At the time, people with low budget preferred to use SDRs for signal analysis/spectrum analysis. In no time, we had the TinySA show up in the online markets. It only worked up to 800 MHz but it was good enough for low frequency stuff. It did everything a large, expensive spectrum analyzer could do, only slowly. Later, the TinySA Ultra mode stretched the frequency limit all the way to 6GHz.

In this article, I will be showing the noise figure measurement capability of the TinySA Ultra. It works on the same principle I described in my previous article here. It only does it better and you don’t have to do manual calculations to arrive at the noise figure.

Step 1: Measure the gain of your amplifier

The very first step involves obtaining the gain measurement of the amplifier.
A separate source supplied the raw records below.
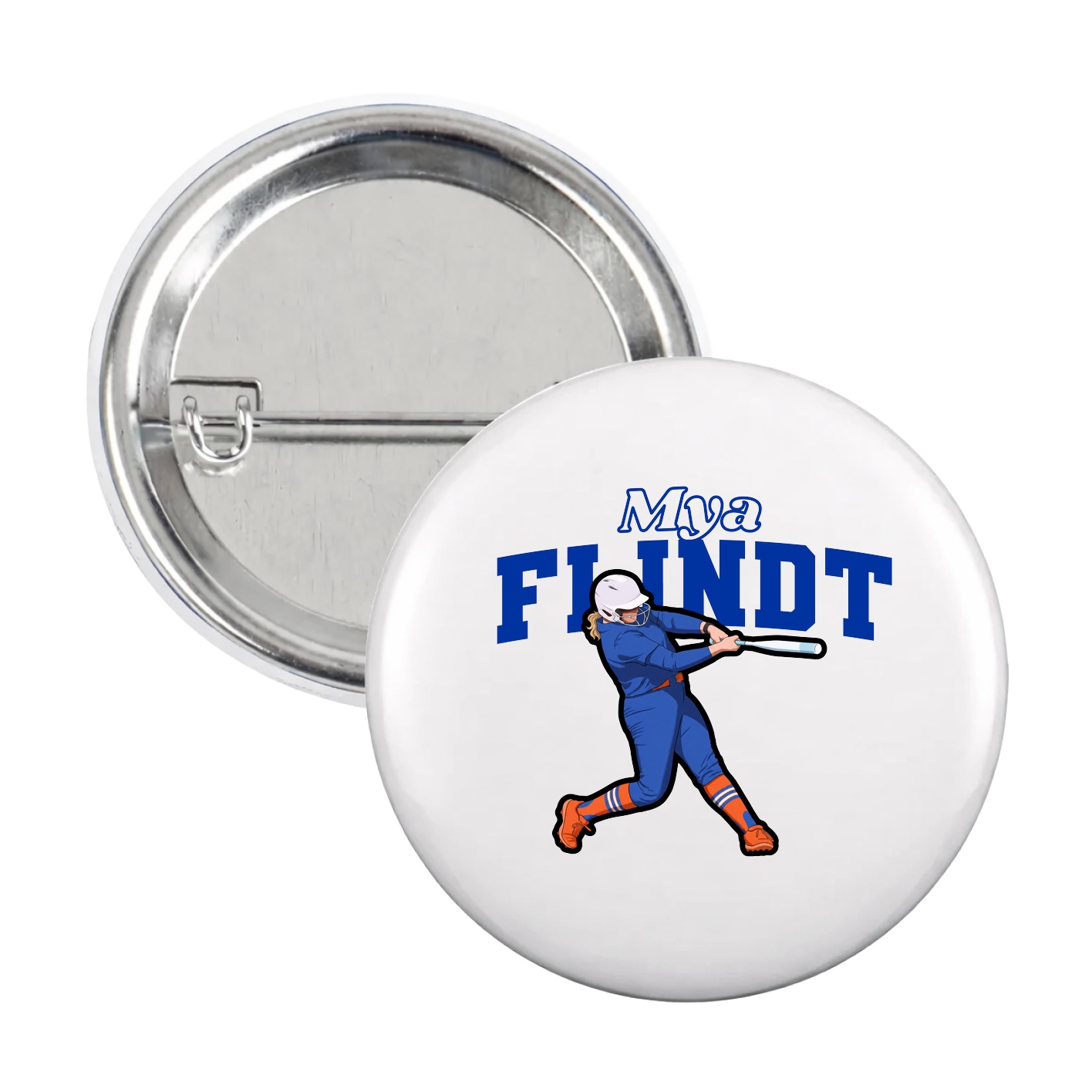 Game Day Button — Name Arch in White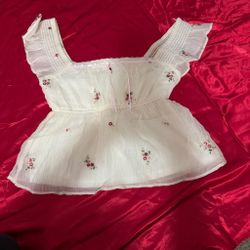 White Floral Embroidered Flutter Sleeve Top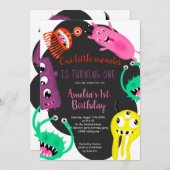 Cute monsters illustratie 1e verjaardag kaart (Voorkant / Achterkant)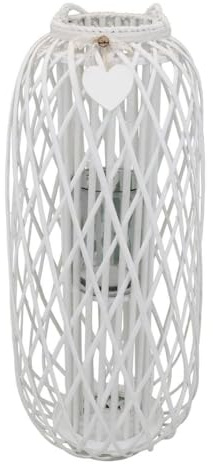 Milani Home s.r.l.s. Lanterna in Vimini Bianca Diametro 39x95 per Interno E Esterno, Portico, Porta Candela, Porta Fiori, Giardino Decorazioni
For this, we need some form of RF source to inject a signal into the input of the amplifier. Eventually, we measure the output power level from the amplifier. We would be performing our measurements at 500MHz.

1. Connect the RF signal source directly to the spectrum analyzer. Make sure the RF source does not exceed the power level limit of the TinySA ultra. We don’t want to damage our instrument.
2. Note down the power level on the spectrum analyzer.
3. Now insert the amplifier between the RF source and the tinySA ultra.
4. Note down the power level you observe after the amplifier.
5. Compute the gain

\(Gain(dB) = P_{out} – P_{in}\)

Here, both the powers are in dBm.

If required, you can also use an attenuator to limit the power from exceeding.

Measuring the input power

You can use any RF source for this purpose that’s capable of generating low output powers. It’s recommended to use lower power levels in the range of -50dBm to -30dBm while testing amplifiers. We don’t want to damage the input stage of the tinySA with excessive power. I used the PlutoSDR as my RF source controlled by the SATSAGEN software. This is my first time using it and I totally recommend giving it a try.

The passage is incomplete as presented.